Queria lhe dizer aquela palavra bonita, encerrada dentro da formosura acabada de uma rosa pura....
Pura na origem livre da rosa, na clareza pura do meu sentimento.

Não sei escolher entre tantas que me passam pela cabeça agora - neste momento-, aquela que mais se adapte a você.
Talvez porque você me surpreenda sempre mais e mais, com a sua capacidade de envolvimento.
A forma de chegar na hora certa, no momento exato, no segundo marcado para compartilhar do meu sofrimento.

Quando você chega, e mais de perto me olha, mais distante se torna, nesse alheiamento necessário para permitir  um pensamento adequado àquele exato momento. Pensamento que não se fala, mas se vê,  sem comunicação.

Não importa, importa que você chegou. O seu silêncio me comove toda, e a sua presença já me basta.

Tantas vezes eu precisei de você, quantas vezes você se fez presente.

 E depois que a tempestade passa, levada pela nuvem negra que você, assoprando, desviou do meu caminho, sou eu que me faço distante, longe de tudo, longe de todos, inacessível, hesitante.

Estigma que eu levo adiante.

E assim nos separamos, nessa fuga de um instante.

Você respeita, não força, não questiona...
Apenas segue, confiante....
E quando eu penso acho que desta vez eu o perdi- lá vem você de novo, como um diamante, cujo brilho me é tão necessário, nas águas daquele instante.
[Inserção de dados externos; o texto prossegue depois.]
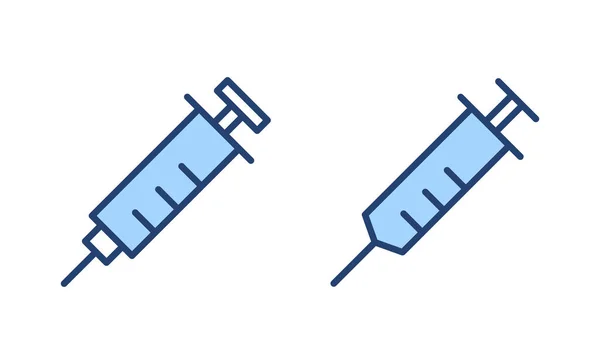 Jeringa Vector Icono Signo Inyección Simbol Vaccine Icono — Archivo Imágenes Vectoriales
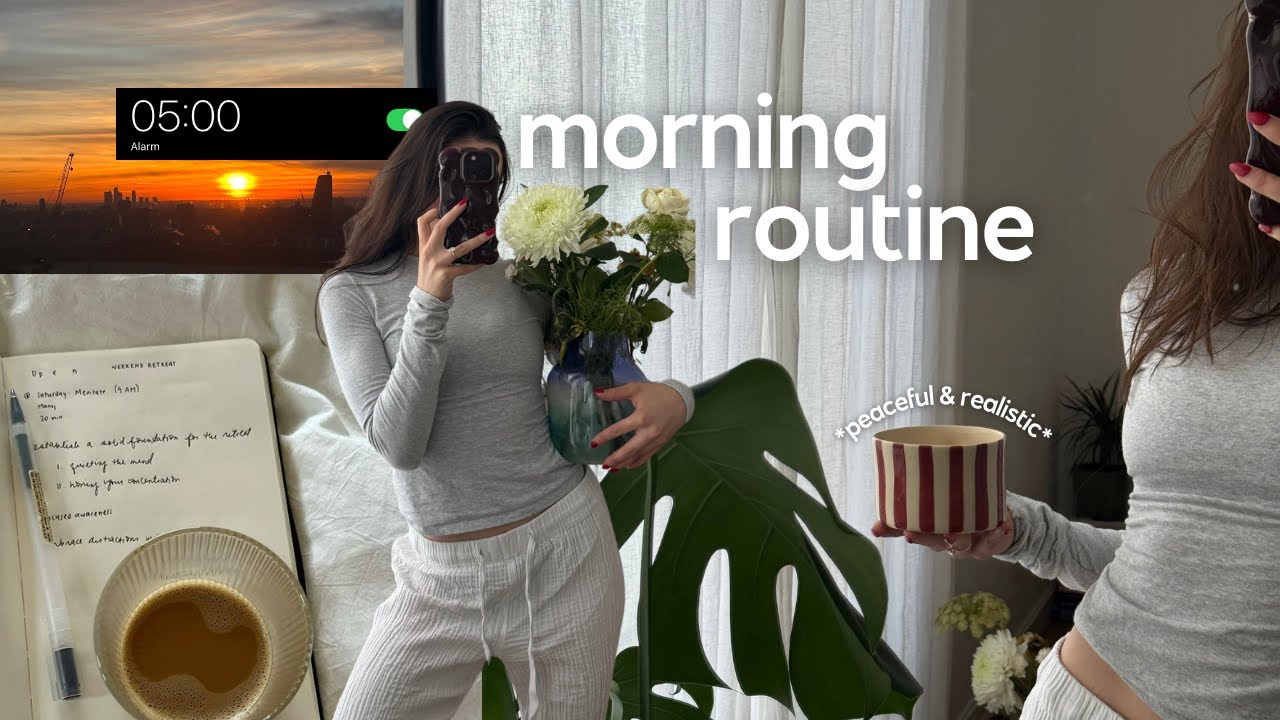 5AM morning routine *peaceful* | early run, high protein breakfast, self care habits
Por isso, assim como a rosa, na sua perfeição acabada, não se deixa aprisionar em verso ou em prosa...
Eu te liberto de qualquer adjetivo, que seria vago e impreciso para mencionar o curativo, o bálsamo que você tem sido em minha vida, na solidão das horas doloridas....

Por tudo isso, amigo, por tudo o que foi falado, e pelo que não foi mencionado, apenas Obrigada! Obrigada por você existir e ser meu amigo!

19-04-1988
Originalmente foi dedicada a uma amiga, que na minha hora mais escura me faltou (e o amor já perdoou)... então dediquei ao Senhor Jesus, que nunca me abandonou.